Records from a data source
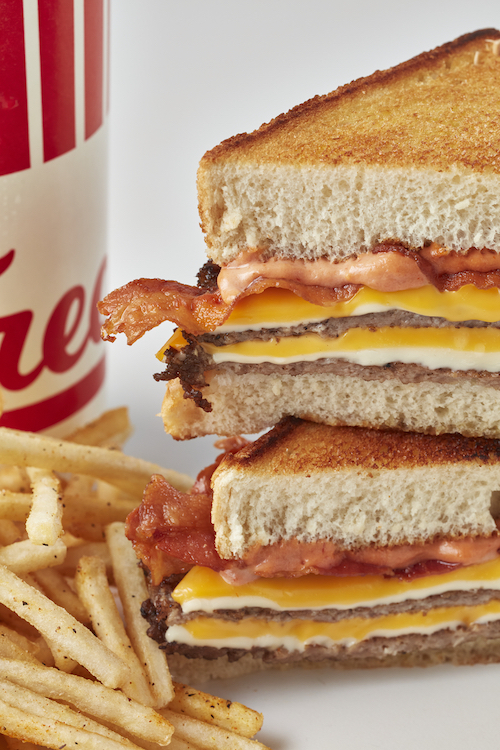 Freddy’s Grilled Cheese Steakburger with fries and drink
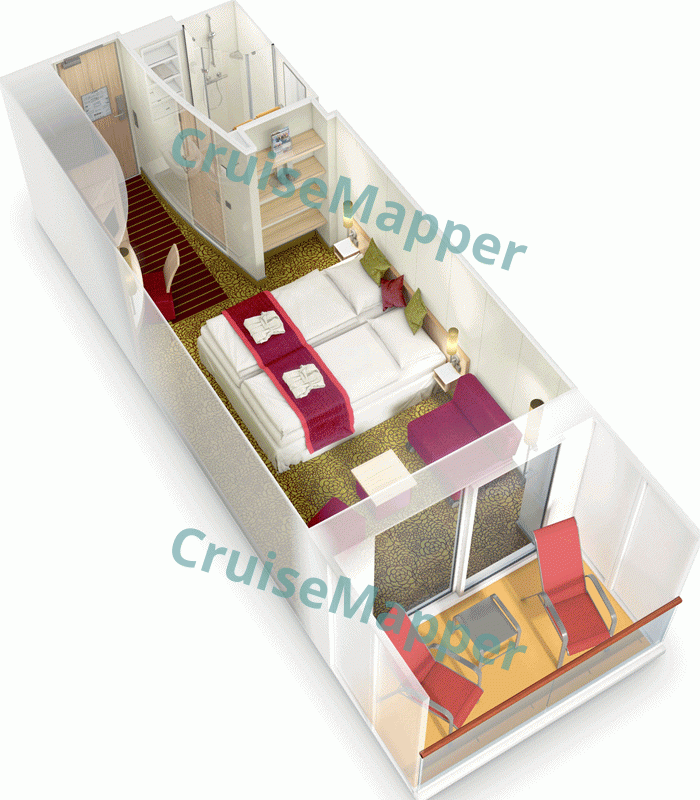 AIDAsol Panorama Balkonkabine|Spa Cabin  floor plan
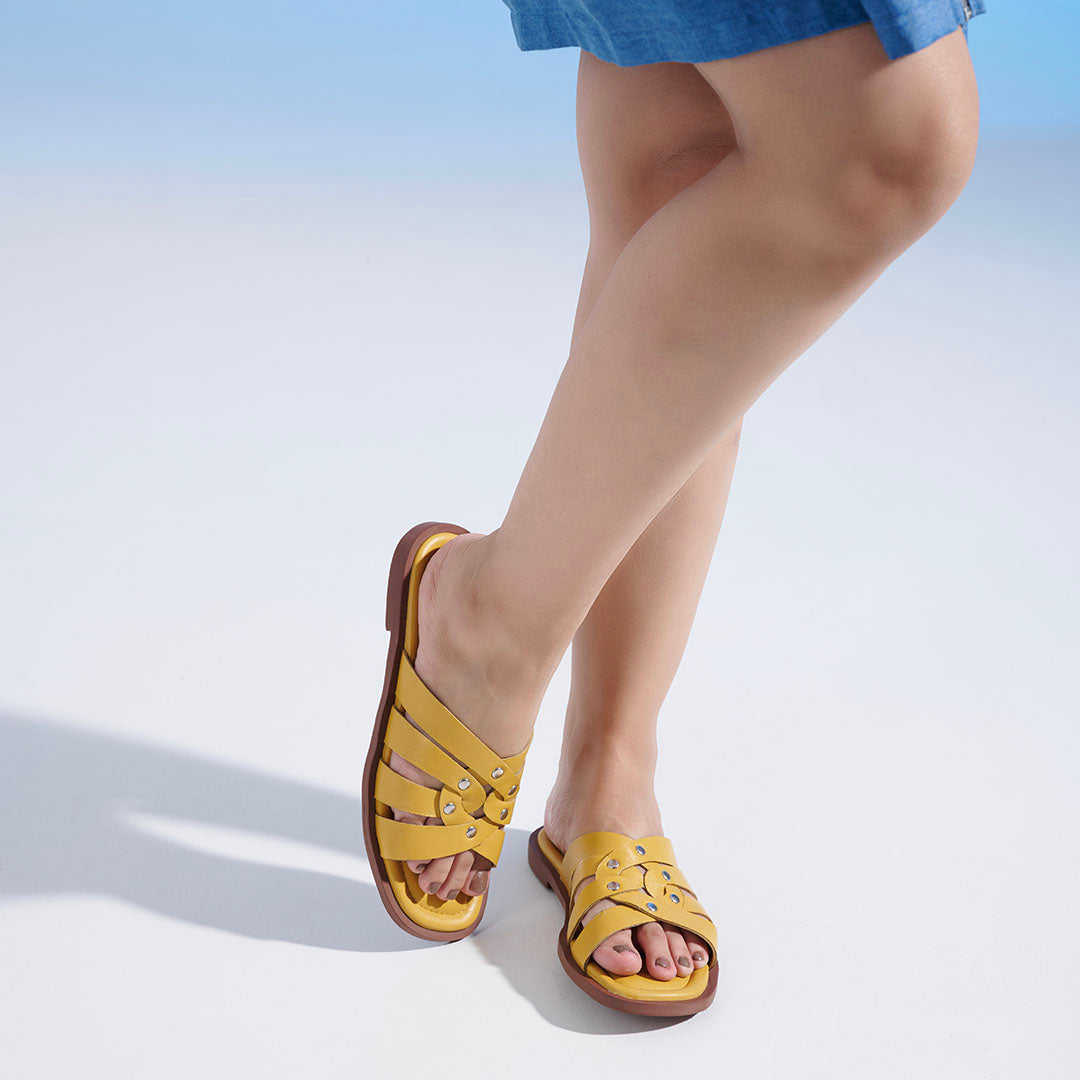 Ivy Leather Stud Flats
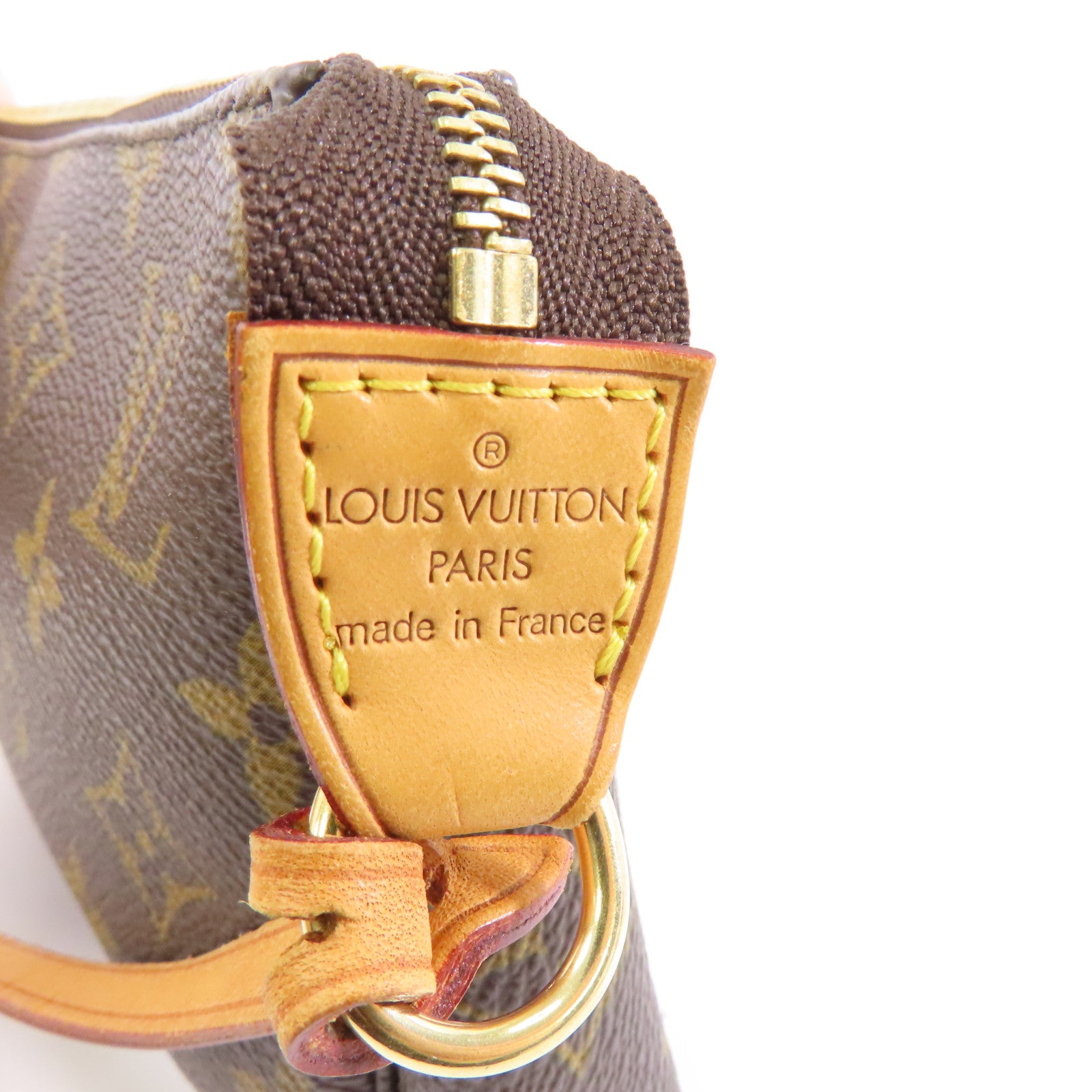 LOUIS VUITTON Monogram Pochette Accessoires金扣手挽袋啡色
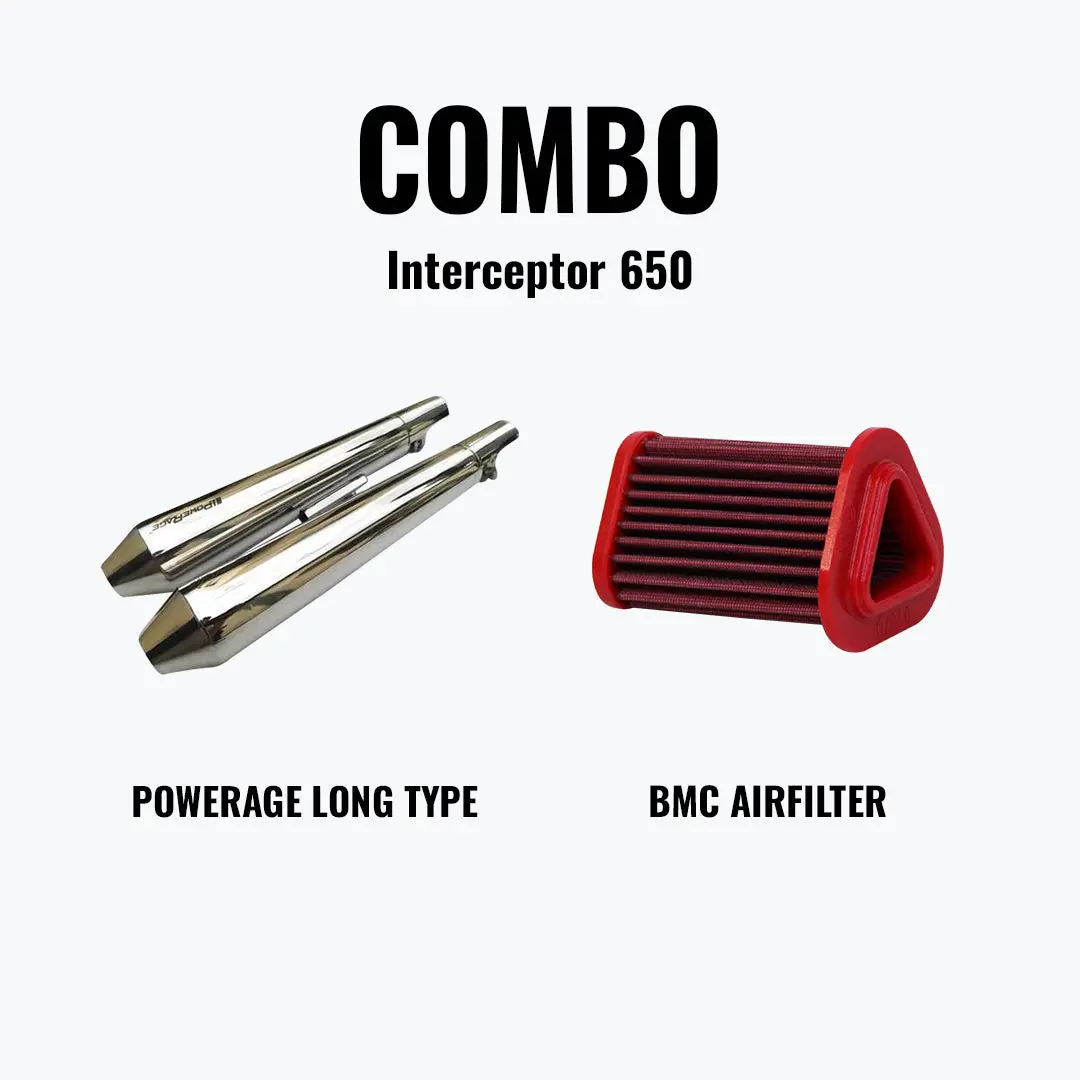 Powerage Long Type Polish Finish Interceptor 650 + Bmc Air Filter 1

[Work to be completed] Go to the line with "LOUIS VUITTON Monogram" in the entries above. Reproduce that line and each one after it to the end, exactly and without the pictures.

[Written answer]
 LOUIS VUITTON Monogram Pochette Accessoires金扣手挽袋啡色
 Powerage Long Type Polish Finish Interceptor 650 + Bmc Air Filter 1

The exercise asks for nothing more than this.